O ministro da Fazenda, Fernando Haddad, disse aos integrantes da Comissão de Finanças e Tributação da Câmara dos Deputados, nesta quarta-feira (22), durante audiência pública, que existe um movimento de críticas às políticas econômicas do governo que não tem base na realidade. Ele afirmou que os números da economia são positivos e estão sendo valorizados pelas agências de risco estrangeiras. “Eu não estou entendendo esse ruído todo que está acontecendo. Esse ruído não está fazendo bem para a economia brasileira. E não tem amparo nos dados, porque nós estamos gerando emprego com baixa inflação”, afirmou.
Haddad, bateu boca com deputados da oposição em vários momentos. Em um deles, questionado pelo deputado Filipe Barros (PL-PR), que acusou o governo de gastar muito e compensar aumentando impostos, o ministro afirmou que as ações fiscais do governo agora são necessárias para ajustar as contas públicas após políticas do governo Jair Bolsonaro (PL).
"Só teve dois presidentes que deram calote desde a redemocratização, o Collor e o Bolsonaro [...] Aí vem o presidente e paga o calote, e 'ah, olha o déficit que o presidente Lula fez'. Esse déficit não é nosso, o filho é teu, tem que assumir, tem paternidade aqui. Faz o exame de DNA que você vai saber quem que deu calote", afirmou Haddad.
Já o deputado Kim Kataguiri (União-SP) criticou a busca do governo pelo aumento da arrecadação: “Vossa Excelência não acredita que há, até pela própria herança patrimonialista do nosso País, muitos privilégios no orçamento público, tanto para o setor público quanto para o setor privado, que o governo deveria cortar antes de pensar em tributação?”
Haddad afirmou que o governo está buscando a justiça fiscal no Orçamento. “Quem ganhava dois salários mínimos pagava imposto no governo Bolsonaro.
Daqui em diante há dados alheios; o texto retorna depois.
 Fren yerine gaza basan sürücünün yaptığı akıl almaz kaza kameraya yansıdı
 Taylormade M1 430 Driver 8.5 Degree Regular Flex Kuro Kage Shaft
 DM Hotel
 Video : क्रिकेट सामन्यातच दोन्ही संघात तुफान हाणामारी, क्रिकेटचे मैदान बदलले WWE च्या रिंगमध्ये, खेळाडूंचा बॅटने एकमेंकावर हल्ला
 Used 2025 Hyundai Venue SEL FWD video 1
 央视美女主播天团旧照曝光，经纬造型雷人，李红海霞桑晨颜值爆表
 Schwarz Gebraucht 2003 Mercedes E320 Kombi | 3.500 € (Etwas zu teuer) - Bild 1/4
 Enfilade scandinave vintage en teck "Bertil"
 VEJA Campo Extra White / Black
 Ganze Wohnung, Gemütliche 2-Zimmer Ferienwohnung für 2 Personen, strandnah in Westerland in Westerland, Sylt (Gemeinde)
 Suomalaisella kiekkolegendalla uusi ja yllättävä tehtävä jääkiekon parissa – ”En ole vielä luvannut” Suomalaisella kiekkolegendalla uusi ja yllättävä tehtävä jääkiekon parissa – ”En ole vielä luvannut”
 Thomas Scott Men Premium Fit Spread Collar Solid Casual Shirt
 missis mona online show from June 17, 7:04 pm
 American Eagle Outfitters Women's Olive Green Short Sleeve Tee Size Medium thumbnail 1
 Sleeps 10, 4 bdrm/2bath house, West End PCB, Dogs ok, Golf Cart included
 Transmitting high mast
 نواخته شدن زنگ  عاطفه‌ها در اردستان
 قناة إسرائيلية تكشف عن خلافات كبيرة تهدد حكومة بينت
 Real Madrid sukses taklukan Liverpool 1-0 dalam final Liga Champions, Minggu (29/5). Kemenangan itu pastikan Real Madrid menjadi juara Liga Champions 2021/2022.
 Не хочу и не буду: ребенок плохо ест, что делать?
E os amigos que tinham fundo offshore e fundo fechado não pagavam nada. Nada!”, rebateu.
O bate-boca não parou por aí. "A Terra é redonda o tempo todo", disse Haddad a Abilio Brunini (PL-MT) após ser chamado de "negacionista da economia". "Não faz o menor sentido o senhor estar fazendo esse discurso manso e ponderado enquanto o Brasil não está se desenvolvendo bem na economia", disse o deputado. "O senhor me chama de negacionista? Defendi a vacina o tempo todo, a Terra é redonda o tempo todo. Vocês negam que a Terra é redonda, vocês negam que a vacina previne, negam essas coisas. Negam que deram um calote em precatório, negam que deram calote em governador e eu que sou negacionista?", rebateu Haddad.
As quase cinco horas de sessão ainda renderam uma discussão sobre o show da Madonna no Rio no início do mês. "O deputado Abílio [Brunini (PL-MT)] me acusa de gostar de filme, livro e música. Eu gosto da cultura, eu sei que o bolsonarismo tem dificuldade com as artes. Vocês não gostam. Vocês vão ter que aprender a respeitar um dos maiores patrimônios desse país", disse Haddad. "Tipo a Madonna? Tipo o show da Madonna?", questionou o parlamentar. "Deputado, isso não é problema seu, não vai no show da Madonna, quem gosta vai?", respondeu Haddad.